Lastly, this arrangement is in tribute to my deceased grandparents. I tell the story of my memories with them below, and the thoughts behind my composition and each movement.
Strategy (0:00)
My conception coming into this world. Apparently it was my grandmother who gave me my first baths and my first few fights and resistances. I knew my experiences with her would be an adventure and memory I will always look forward to as she helps nurtures me into this world. My grandpa would also silently babysit me at times, and overall the exciting, mysterious, what's-to-come feeling felt like a right fit to start this stage of my memories. When arranging this piece, I felt the need to capture that excitement and energy with a mix of staccatos, jumps, and something I kinda wanna call 'soft agitato' techniques.
Through /通じた (1:43)
The feeling of warmth is what this song represents to me. My early days with my grandpa and granny, them telling me to eat and changing my clothes for the resisting bastard that was walking baby me. But they were happy times. Both my grandma and my grandpa were still healthy. And it was a time I wish I could go back to once more.

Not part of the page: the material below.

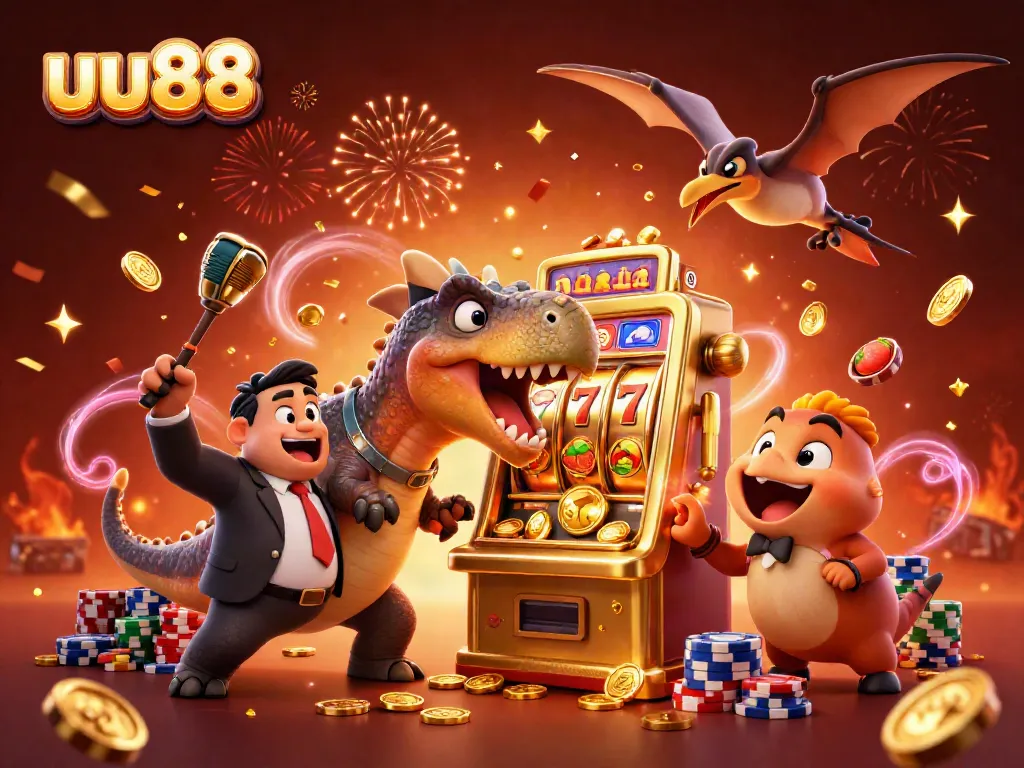 uu88 captures a thrilling jackpot scene with colorful characters and energetic casino elements.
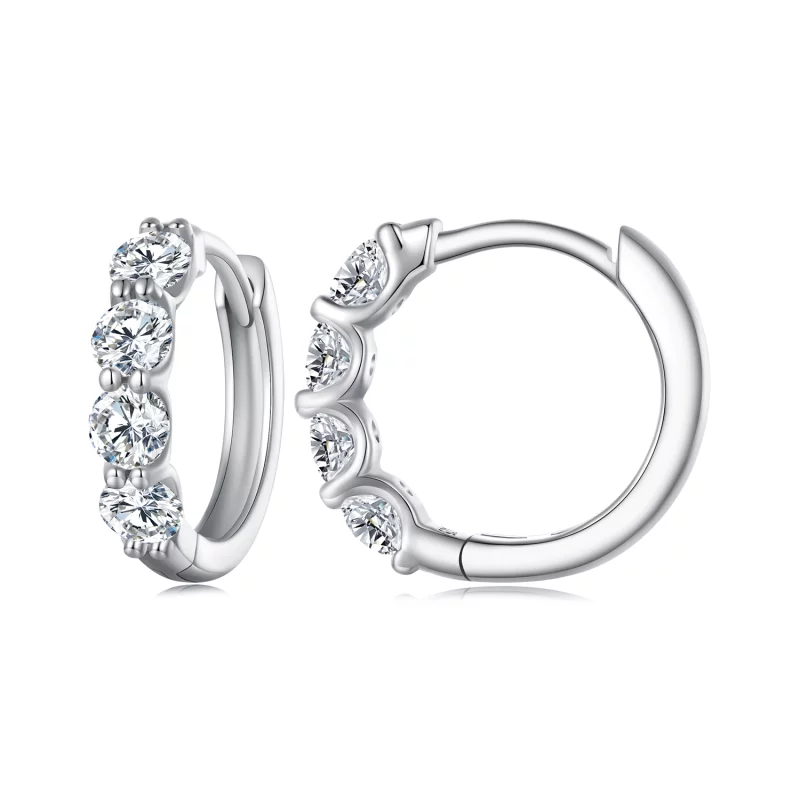 (image pour) Boucles d'oreilles créoles style Pandora avec moissanite - MSE030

Arranging this, I wanted to capture a homely and warming feeling, to show how happy I felt then and my understanding of it now.
Supper / 夕げ (4:09)
The good times are still there, but the relaxing mood with a tinge of sadness reminds me that these times are times I have taken for granted. In the anime, this variation of supper plays when Hina realizes the weight of each of her Grandfather's mochis, his decision to wake up every morning to support her decision and happiness in attending her school of choice. As I write this, I had wished I knew back then what my grandparents did for me through all their sacrifices. I have taken for granted so many things in my life and the recollection of these memories segue into the constitution of my grievances. Arranging this, I wanted to stick extremely faithfully to the variation and played the episode with the soundtrack over and over again.
One Blow (6:44)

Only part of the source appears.